# No impact from these Bass Traps - why?



## drwho099 (Oct 8, 2014)

I’m looking for advice regarding my bass traps. Recently I upgraded to dual subs (15” PSA S1500’s, placed near mid-side walls), and decided to finally tackle the room treatments to reduce bass boominess. Room is a dedicated sealed theater room with dimensions 22Lx15.5Wx10H, and was only lightly treated before with only side-panel first reflection absorbers. Pictures of the front and rear of the room are attached at the end of the post. Walls are drywall and floor is carpeted. 

Anyway, I created/installed DIY superchunk bass-traps in each of the front corners, the traps being 15x15x22 made from Roxul SNS, spanning almost but not quite floor to ceiling. Prior to installing the traps, I measured levels in the front corners using my portable analog soundmeter, and found those corners to be 2-3dB hotter than other parts of the room. Treating the rear area is more problematic due to bookshelves, and those areas did not measure as hot anyway. 

I did not expect a lot from the traps given their relatively small size, but expected something in the way of reduced decay time. But I see (measure) basically zero benefit from the traps. Before and after measurements are below (REW w/UMIK1 calibrated mic, unsmoothed). 

Any suggestions as to why I saw no benefit, and whether there’s some additional tweaks to the DIY traps that would improve the performance?

AFTER MEASUREMENT (labels on graphs are swapped).








BEFORE MEASUREMENT (labels on graphs are swapped).








I was thinking of adding a 1” panel of denser material (OC703?) in front of the existing chunks, but am not convinced that would have much impact. For grins, I placed a bat of an unused SNS roll on one side and measured – again with no change (admittedly, that only covered ¼ of the trap’s area (picture below) – but was an easy test to do).

Room shots:
















Quick test with additional SNS up front as shown (no measured change):








Thanks,
George


----------



## bpape (Sep 14, 2006)

Getting below 50hz is going to take a lot more thickness. Our Soffit Trap which is 17x17 square will get down into the mid 30's.


----------



## drwho099 (Oct 8, 2014)

Yeah - understand that, but what I could not quite understand is why there was no impact from the traps even above 50hz.


----------



## NBPk402 (Feb 21, 2012)

drwho099 said:


> Yeah - understand that, but what I could not quite understand is why there was no impact from the traps even above 50hz.

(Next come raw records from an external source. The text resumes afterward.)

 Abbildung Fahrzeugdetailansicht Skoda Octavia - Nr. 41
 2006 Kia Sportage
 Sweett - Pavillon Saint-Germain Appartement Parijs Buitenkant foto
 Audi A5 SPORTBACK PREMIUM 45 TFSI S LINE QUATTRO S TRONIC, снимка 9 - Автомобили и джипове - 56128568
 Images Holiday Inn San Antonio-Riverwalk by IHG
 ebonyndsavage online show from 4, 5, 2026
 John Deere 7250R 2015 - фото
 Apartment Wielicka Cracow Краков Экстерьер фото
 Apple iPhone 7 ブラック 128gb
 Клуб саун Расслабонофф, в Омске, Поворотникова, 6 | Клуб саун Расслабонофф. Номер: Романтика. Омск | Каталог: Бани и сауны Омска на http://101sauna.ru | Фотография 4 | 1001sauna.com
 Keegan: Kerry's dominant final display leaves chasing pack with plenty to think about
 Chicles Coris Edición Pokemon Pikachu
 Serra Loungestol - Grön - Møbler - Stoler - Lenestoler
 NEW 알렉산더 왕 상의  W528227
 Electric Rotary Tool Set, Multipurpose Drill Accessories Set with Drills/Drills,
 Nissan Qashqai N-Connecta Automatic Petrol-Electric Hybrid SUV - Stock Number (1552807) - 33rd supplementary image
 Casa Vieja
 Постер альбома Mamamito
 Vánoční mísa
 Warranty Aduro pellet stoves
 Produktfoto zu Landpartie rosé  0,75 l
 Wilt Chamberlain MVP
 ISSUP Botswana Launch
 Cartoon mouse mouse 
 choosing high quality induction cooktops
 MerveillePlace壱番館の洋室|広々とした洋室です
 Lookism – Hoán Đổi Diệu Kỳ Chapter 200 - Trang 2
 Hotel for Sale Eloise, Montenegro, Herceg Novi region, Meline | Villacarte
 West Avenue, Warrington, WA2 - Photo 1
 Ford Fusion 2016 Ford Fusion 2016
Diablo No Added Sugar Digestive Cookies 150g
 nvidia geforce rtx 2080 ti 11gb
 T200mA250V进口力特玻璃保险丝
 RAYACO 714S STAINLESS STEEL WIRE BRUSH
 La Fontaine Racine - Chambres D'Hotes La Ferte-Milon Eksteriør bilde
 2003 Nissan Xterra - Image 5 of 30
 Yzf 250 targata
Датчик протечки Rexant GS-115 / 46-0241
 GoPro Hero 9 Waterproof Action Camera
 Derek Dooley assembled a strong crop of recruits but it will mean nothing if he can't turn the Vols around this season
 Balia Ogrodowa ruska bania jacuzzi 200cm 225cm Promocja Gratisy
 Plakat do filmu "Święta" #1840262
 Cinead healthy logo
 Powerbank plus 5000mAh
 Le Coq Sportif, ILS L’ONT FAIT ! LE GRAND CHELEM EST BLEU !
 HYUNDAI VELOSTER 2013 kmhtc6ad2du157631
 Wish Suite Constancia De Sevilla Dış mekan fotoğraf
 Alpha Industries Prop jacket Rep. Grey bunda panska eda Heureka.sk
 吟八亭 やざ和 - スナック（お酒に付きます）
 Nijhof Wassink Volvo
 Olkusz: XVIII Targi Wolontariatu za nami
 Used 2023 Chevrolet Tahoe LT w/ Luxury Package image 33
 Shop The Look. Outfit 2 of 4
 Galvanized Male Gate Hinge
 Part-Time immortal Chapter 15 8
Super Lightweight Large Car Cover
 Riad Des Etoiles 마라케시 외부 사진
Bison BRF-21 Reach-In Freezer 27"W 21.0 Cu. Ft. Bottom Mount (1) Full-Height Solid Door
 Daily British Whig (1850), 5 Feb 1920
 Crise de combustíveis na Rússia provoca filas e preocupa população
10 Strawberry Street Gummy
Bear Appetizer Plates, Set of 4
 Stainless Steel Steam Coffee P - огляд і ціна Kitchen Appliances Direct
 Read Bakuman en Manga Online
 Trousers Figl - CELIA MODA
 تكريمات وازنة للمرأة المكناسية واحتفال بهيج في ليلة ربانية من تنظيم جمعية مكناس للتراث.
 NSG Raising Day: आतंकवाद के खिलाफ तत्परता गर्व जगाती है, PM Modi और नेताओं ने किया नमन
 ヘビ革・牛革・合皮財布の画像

Maybe you don't have enough of them?


----------



## bpape (Sep 14, 2006)

you sure you don't have those pics labeled wrong? Looks like the pre has shorter tails below 100 than the post


----------



## drwho099 (Oct 8, 2014)

Shoot - I rechecked the original mdat file and its timestamps, and you're right - they are labeled incorrectly (swapped pre for post actuals). 
In my defense the difference still seems quite small. (I'll edit the posting shortly to correct.)


----------



## bpape (Sep 14, 2006)

Well, it did shorten the decay from 50-100 Hz which is about what I would expect but not lower.


----------